There is some English on Kalgastak, actually, but it's all backwards... It is me complaining about Feeding Tube telling me I could do whatever I wanted then telling me what to do! [HPF interjection: HAH!!!] As mentioned, they were correct, but the backwards vocals of me complaining about it makes a nice sonic side-show to the rest of the piece. I'm talking about the song as part of the song. Convoluted, but it fits the album.
HPF: The release of M-3 makes triptych of recent reissues for you. Are the three connected in any specific thematic way?
RCM: There is no distinct tie-in between the three except being latter 1980's into early 1990's. I did listen to all three while preparing for Bandcamp, and there are definitely threads that occur in all of them. Use of unorthodox instrumentation, irregular structures, a sense of humor on occasion. But otherwise, there was no intention for them to be perceived as an actual trilogy. They probably will be though, since they are presented together.
HPF: If you were a bird, what kind of bird would you be and why?
RCM: Archaeopteryx - a fairly famous proto-bird from the late Jurassic Period: Half dinosaur - half bird. At the very beginning of birddom...
[HPF interjection: Perfect. Glad I asked.]
HPF: Anything else in the works you'd like to let The People know about?
RCM: 2025 looks to be an interesting year for RCM releases: My next use of dream interpretations, "Curiosity for Solo Electric Guitar Ensemble", will come out on February 28th. And the second Trinary System full-length will come out later that year. [HPF interjection: OOOOH! I’m gonna be spamming your email inbox trying to book a show together.] Both will be on Cuneiform Records. Cuneiform put out my "Eight Dream Interpretations for Solo Electric Guitar Ensemble" and "The Fourth World Quartet: 1975" which, like the M-3 album, features all three Miller brothers (from 1975 of course). The label is really good, honest, and does what it claims to do.
Here's an interesting story about the "Oh." album:
When I played my first "Dream Interpretation for Solo Electric Guitar Ensemble" concert in fall 2022 in Brattleboro VT, a friend brought her 9-year old daughter to the show. They liked the show a lot and afterwards she asked her daughter to pick out an LP of mine to buy. She picked "Roger Miller? Oh.", certainly my most difficult, most obtuse album. I tried to steer her to something like "But this is the music from tonight!" or "This is an actual rock band with melody (Trinary System)!" But no, she only wanted "Oh." Somewhat concerned, but beyond my control, I sold it to her.

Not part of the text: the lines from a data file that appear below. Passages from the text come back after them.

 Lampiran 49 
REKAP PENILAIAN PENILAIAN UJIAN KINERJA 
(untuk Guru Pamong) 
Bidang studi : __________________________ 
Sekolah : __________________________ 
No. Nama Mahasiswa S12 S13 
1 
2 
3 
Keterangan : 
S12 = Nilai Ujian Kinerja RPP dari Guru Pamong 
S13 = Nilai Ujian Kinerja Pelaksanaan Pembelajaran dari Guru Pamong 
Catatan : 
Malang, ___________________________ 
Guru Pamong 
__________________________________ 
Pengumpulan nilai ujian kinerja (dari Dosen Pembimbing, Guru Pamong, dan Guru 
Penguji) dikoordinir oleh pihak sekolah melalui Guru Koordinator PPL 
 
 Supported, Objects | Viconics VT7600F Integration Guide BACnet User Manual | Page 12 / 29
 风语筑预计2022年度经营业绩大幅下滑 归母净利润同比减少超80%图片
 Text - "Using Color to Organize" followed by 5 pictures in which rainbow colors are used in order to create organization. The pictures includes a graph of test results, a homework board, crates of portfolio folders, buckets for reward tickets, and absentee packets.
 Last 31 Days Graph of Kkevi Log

Later I saw my friend and asked if her daughter liked the album and she said she really liked it! I was kinda amazed and glad... But on thinking about it, her 9-year old daughter had so little baggage: she didn't think "This isn't rock music!" or "This is not proper harmony!" or anything like that. She probably enjoyed it because it was fun and even sometimes funny. If she first heard it ten years later, when she was 19, who knows what she would have thought? Those rigid rules might have kicked in. (And quite possibly at 19 she might still like it, who knows?). At any rate, thinking from a child's attitude is under-rated.

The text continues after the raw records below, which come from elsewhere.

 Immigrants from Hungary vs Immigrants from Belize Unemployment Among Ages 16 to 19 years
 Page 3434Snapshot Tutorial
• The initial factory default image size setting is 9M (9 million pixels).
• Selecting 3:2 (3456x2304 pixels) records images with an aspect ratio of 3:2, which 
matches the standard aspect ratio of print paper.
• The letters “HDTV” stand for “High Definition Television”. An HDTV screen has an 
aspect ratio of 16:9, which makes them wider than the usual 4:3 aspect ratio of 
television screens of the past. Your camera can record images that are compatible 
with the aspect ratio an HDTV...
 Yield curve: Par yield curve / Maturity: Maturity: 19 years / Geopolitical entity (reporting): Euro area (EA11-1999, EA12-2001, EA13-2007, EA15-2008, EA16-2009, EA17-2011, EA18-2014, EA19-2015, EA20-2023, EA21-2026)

Ahhhhh and I’m so pleased to be ending on what has to be the best story I’ve heard lately. I hope this child has been set on a strange and winding musical path. Judging by the fact that her mom is bringing her to Roger’s shows to begin with, she has. I mean, also? Vermont. IYKYK.
~RMSC
*Funny story (not really) about this Catupecu Machu song. I once had an absolute panic attack to it at about 1 AM while driving along route 190 in central Massachusetts. I had zoned out for a bit and this was way back when I didn’t drive a lot or venture far from my Lancaster, Massachusetts home. I suddenly just had no clue where I was along 190 or if I’d been driving for five minutes or an hour. The name of the song means “ants” in Spanish and the music feels to me exactly like a line of ants marching along. So now every time I hear it I picture a little trail of booty-shaking ants and feel vaguely like I’m driving to nowhere from nowhere and god knows if or when I’ll get there. The ants go marching one by one by one by one by one by one by one…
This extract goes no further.